UM TESOURO ESCONDIDO NO CAMPO: Experimento com desenho e imaginação simbólica no Ateliê Nossa Casa
por Lucas Delfino
A linguagem da mitologia, dos contos, e dos grandes livros de sonho da humanidade constituem a linguagem do imaginário, consubstancial ao ser humano, e à criança em especial. O percurso de três encontros no Ateliê Nossa Casa, na semana final de outubro e nas duas primeiras de novembro de 2019, teve como título um versículo bíblico, que é também uma alusão, aquela que faz pensar em um “tesouro escondido em vasos de barro” (2 COR 4:7).
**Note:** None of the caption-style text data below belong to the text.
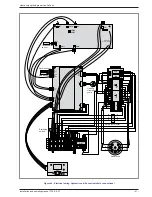 Предварительный просмотр 51 страницы Fujitsu WATERSTAGE 112 Installation And Operating Manual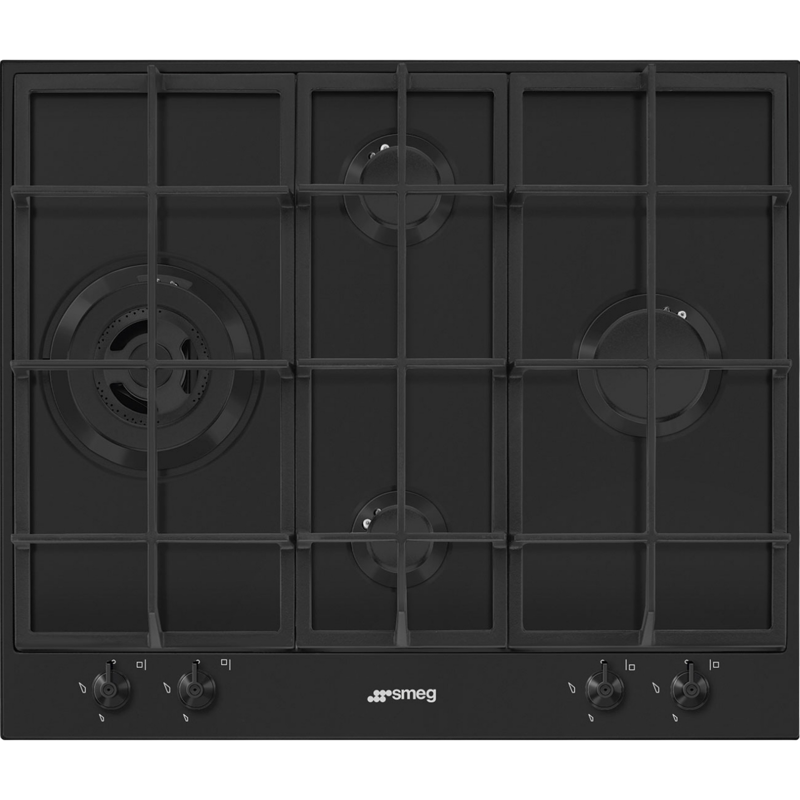 SMEG PX364LMB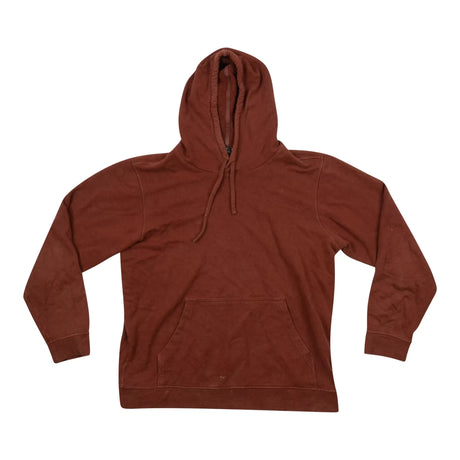 XLMaroon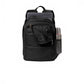 Carhartt® Foundry Series Backpack - Black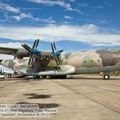 An-22_RA-09309_0088.jpg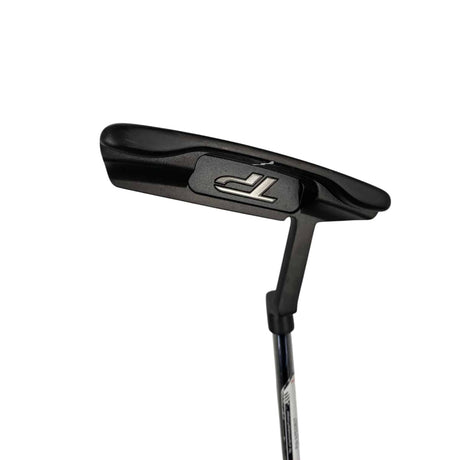 TaylorMade TP Collection Soto 1 Putter - One Golf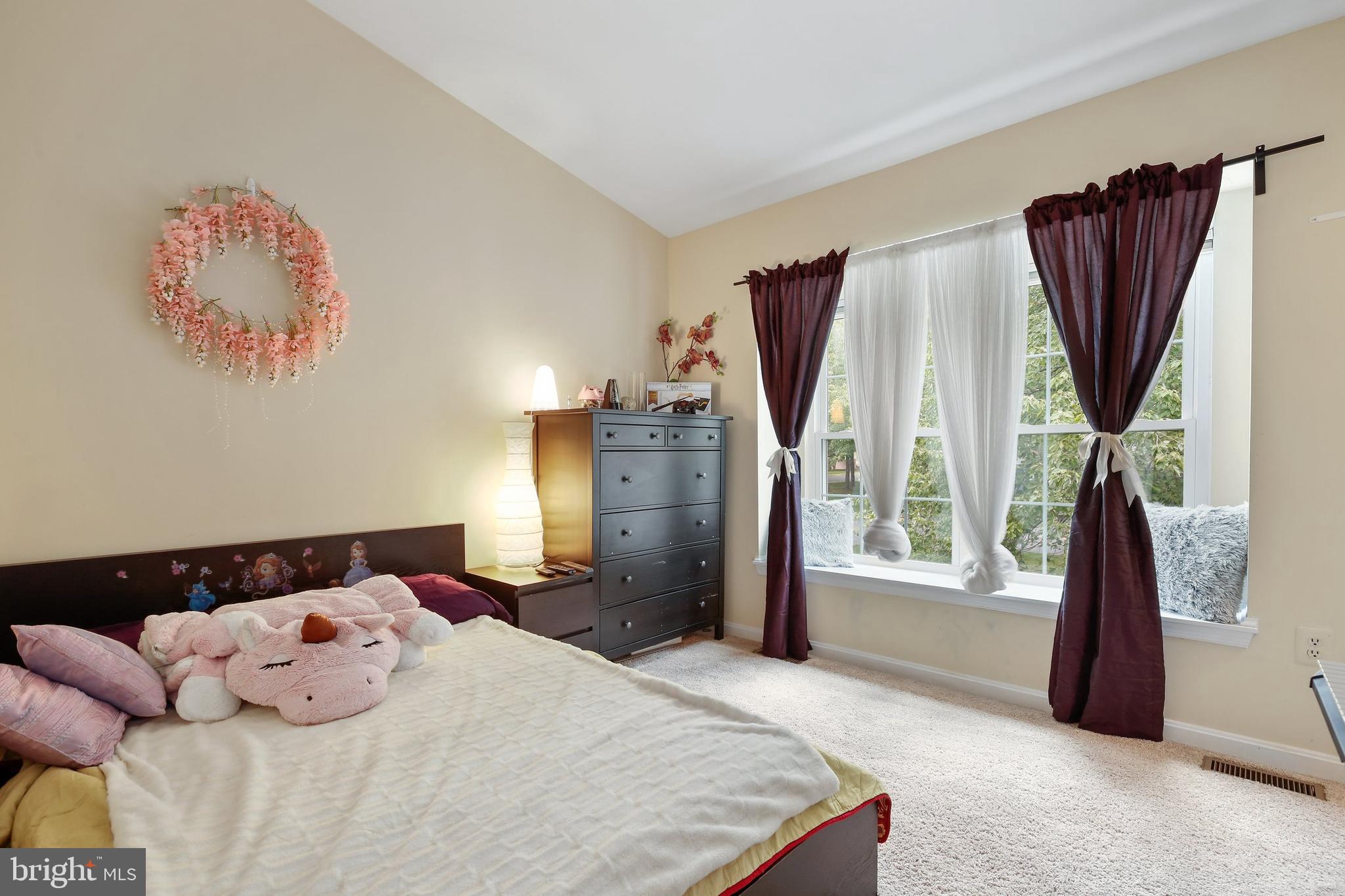 5 Hugo Court Silver Spring, MD 20906 - Photo 25 of 46 Gallery Image 25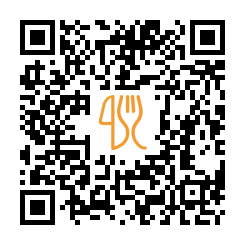 Link con codice QR al menu di In China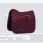 LeMieux Saddlepad Dressage Softshell Grip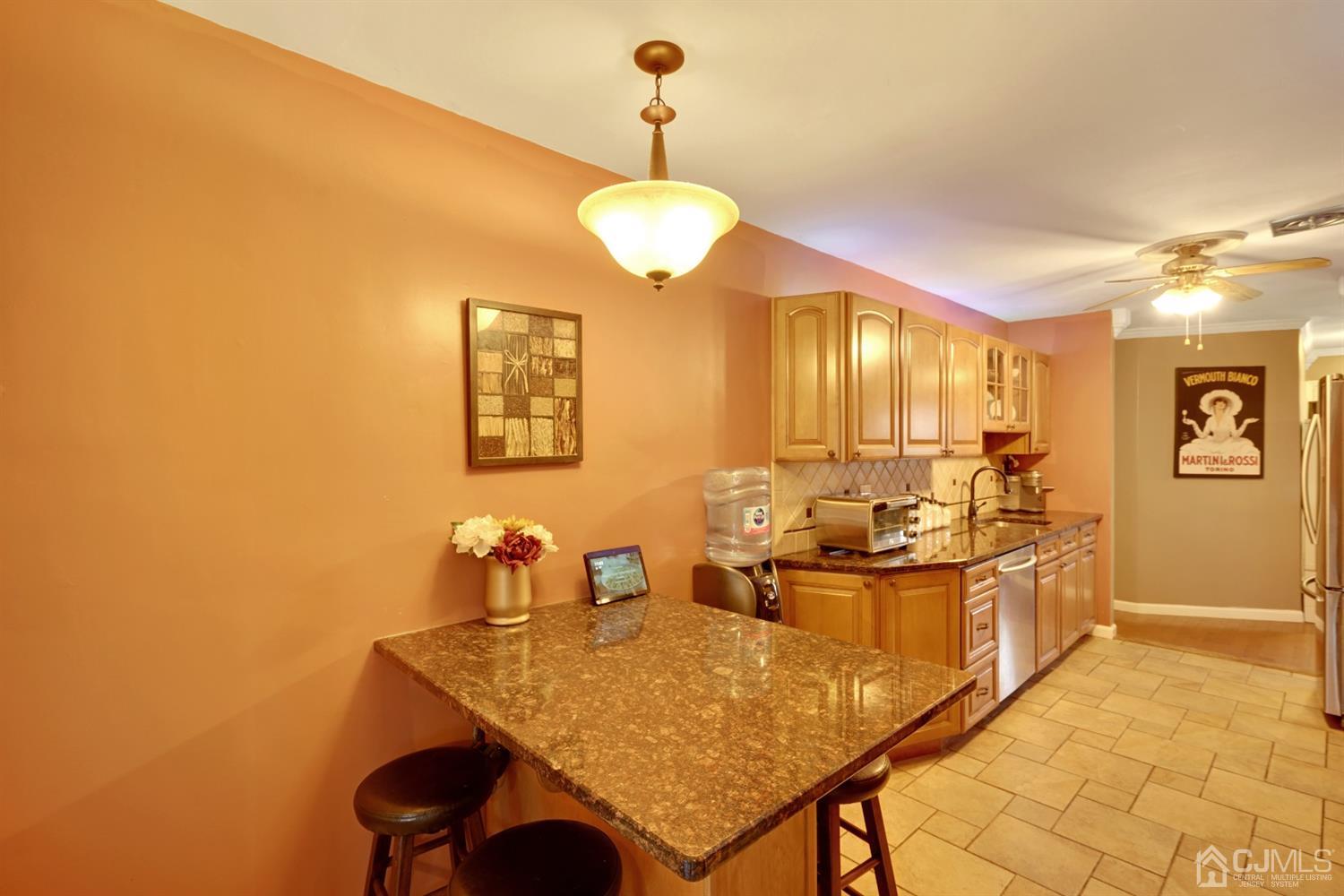 115 New Road Kendall Park, NJ 08824 - Photo 15 of 27 Gallery Image 15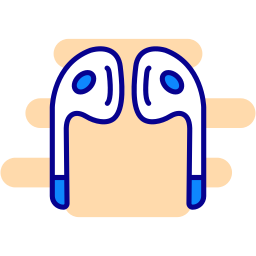 airpods icon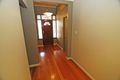 Property photo of 113 Marvell Avenue Lake Coogee WA 6166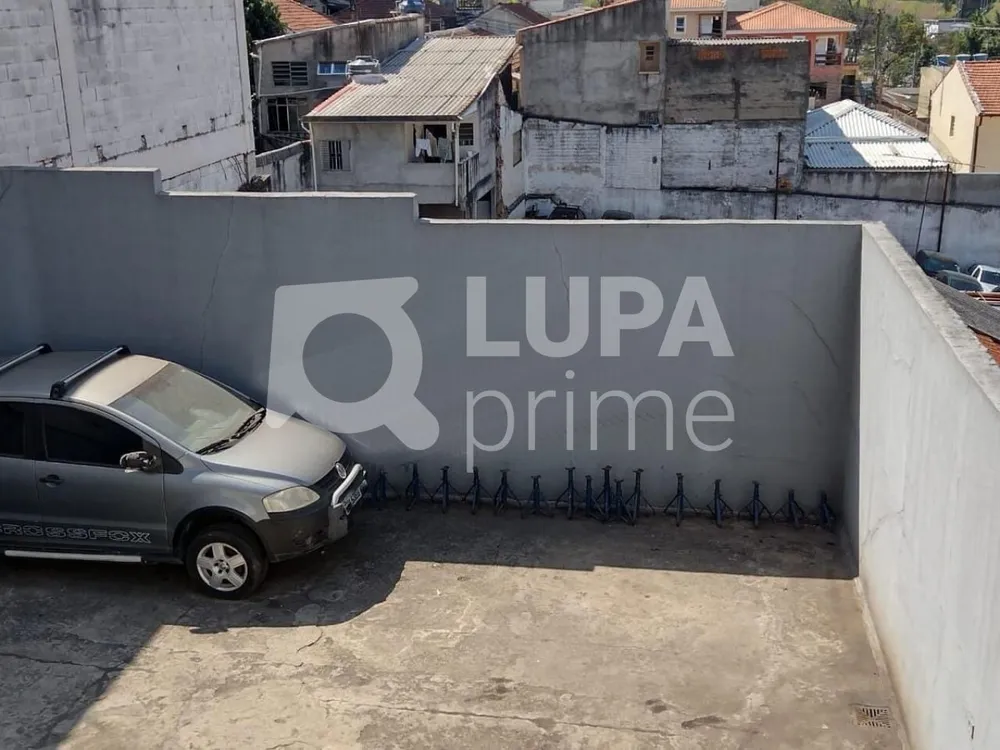 Casa, 3 quartos, 250 m² - Foto 12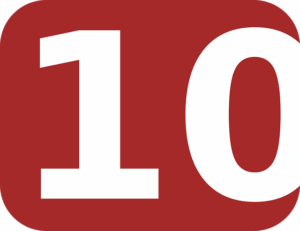 select-dmv-vin-number-check-riverside-ca-640x480-70239604.png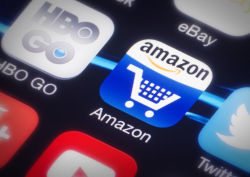 加州參議院通過新法案,旨在規范亞馬遜(AMZN.US)倉庫配額方式
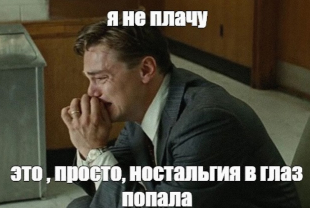 1702053485895.webp
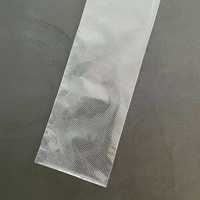 Sacs à fermeture éclair pour légumes, perforés et respirants, taille personnalisée, impression en héliogravure numérique, matériaux compostables CPP/OPP/PE/PLA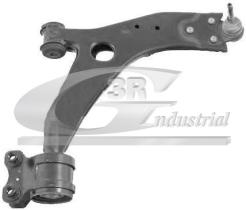 3RG 31340 - BRAZO SUSPENSION DERECHO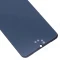 Дисплей для Vivo V20 (V2025) / V21e (V2061) / V23e (V2116) + тачскрин (черный) (OLED) (Small Size) фото №3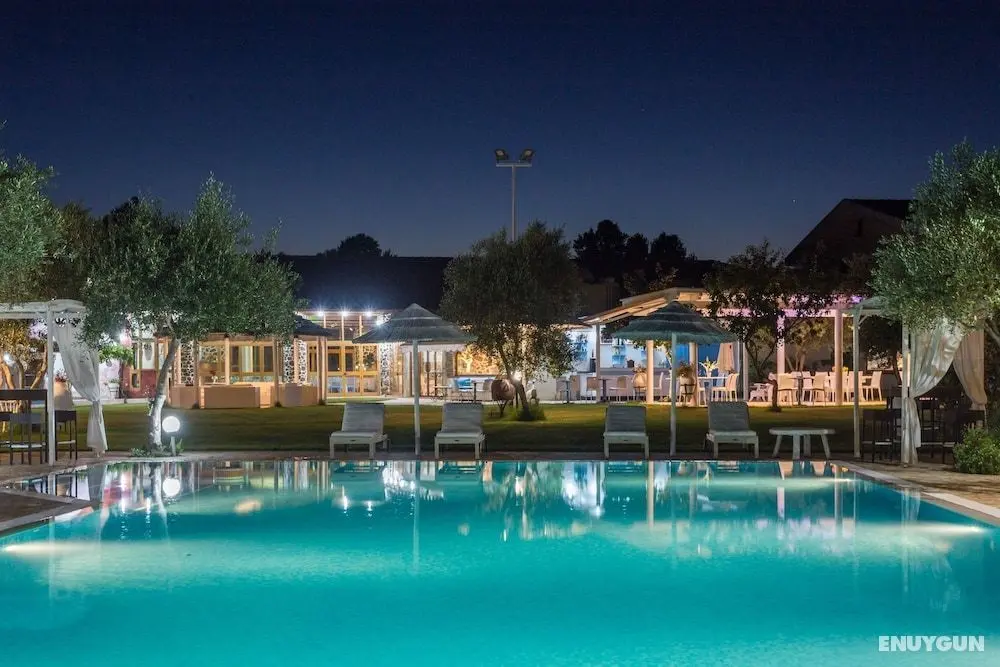 Locanda Da Renzo - Öne Çıkan Resim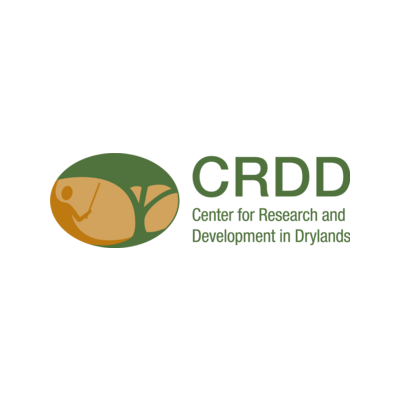 Center for Research and Development in Drylands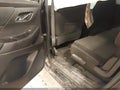 Photo 8 of 16 — 2019 Chevrolet Traverse
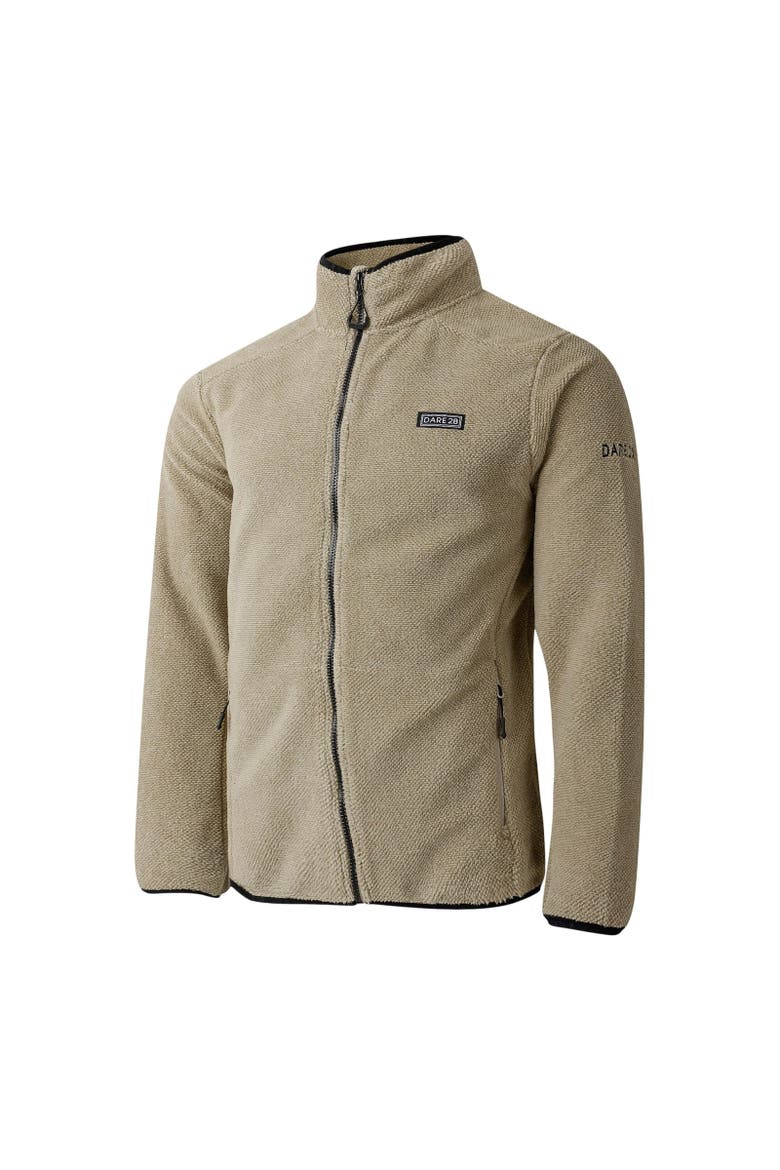 Switch Out Fleece Jacket, Alternate, color, Abbeystone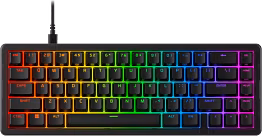 HyperX Origins 2 65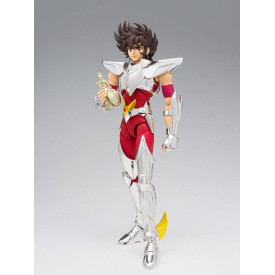 Saint Seiya - Figurine...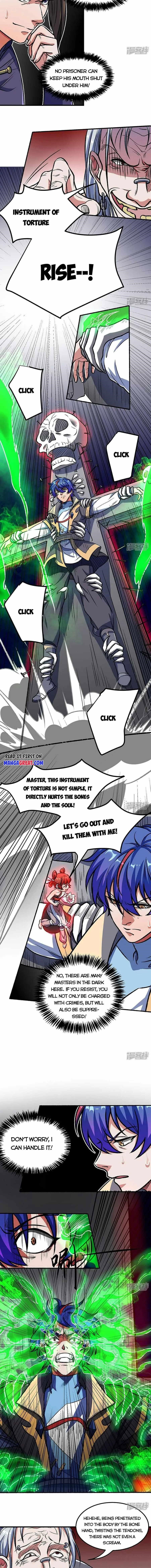 martial-arts-reigns-chap-555-4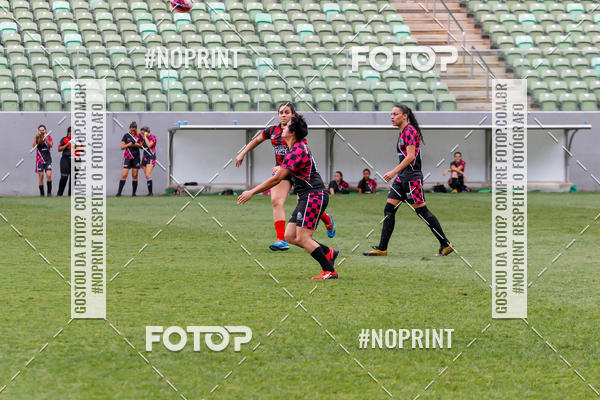 Compra tus fotos del eventoTradicional Futebol do Independencia 2019 En Fotop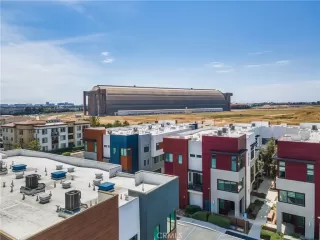 Photo #2: SW25122088 Listing 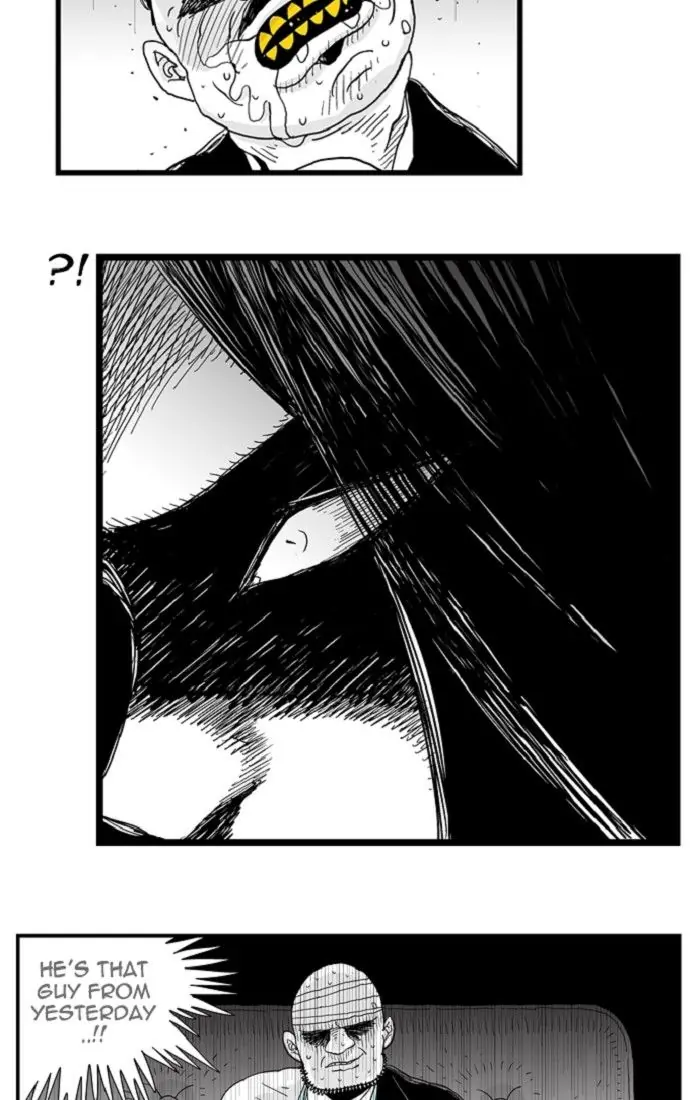 Hellper Chapter 103 Page 31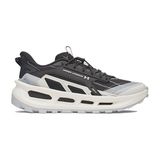 Under Armour Ua Explor Trail Unisex Outdoor Ayakkabısı 6012791-110 Beyaz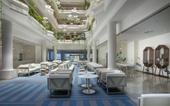 Туры в отель FUN&SUN FAMILY Anastasia Beach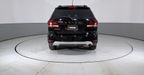 Dodge Journey 2.4 SXT+ 7 SPORT Suv 2017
Um vaso de barro, pois, cujo conteúdo esteve inacessível às crianças até o último encontro, fechado por uma amarração de fios de barbante, serviu como objeto de ativação de um percurso imaginativo, segundo a tentativa de fazer minar através dele questões e imagens: se um vaso pode conter tudo o que há no mundo, o que pode estar contido aqui? O intento foi o de conduzir à criança em vivências com técnicas e materiais expressivos de qualidade rústica – o carvão, o giz, a argila de modelagem – ao mesmo tempo em que se fazia um percurso, uma deambulação, por narrativas de origem e mitos de criação: a criação da humanidade e o roubo da semente do fogo por Prometeu, o desvelamento da condição humana desde o conteúdo dissipado no vaso de Pandora; a criação do mundo e do humano a partir do barro soprado na narrativa dos seis primeiros dias do Gênesis bíblico; a modelagem do humano por Oxalá a partir do empréstimo de barro cedido por Nanã, na mitologia dos orixás africanos. O ateliê também se pautou pela apreciação dos desenhos do quadrinista norte-americano Robert Crumb (1943- ) que em 2009 dedicou-se à elaboração do livro Gênesis, no qual se pôs a ilustrar o mais literalmente todo o conteúdo do primeiro livro da Bíblia. A deambulação por narrativas de criação esteve a amparar as crianças no enfrentamento de sua própria e singular força criadora diante dos materiais expressivos, e o ateliê culminou com uma vivência de modelagem em argila segundo o pressuposto de modelar a humanidade e as suas paixões, de acordo com a apreciação de um desenho do artista Rosso Fiorentino (1495-1540), que retrata Pandora abrindo o vaso de onde saem as mazelas humanas personificadas: a arrogância, a preguiça, o desespero, etc.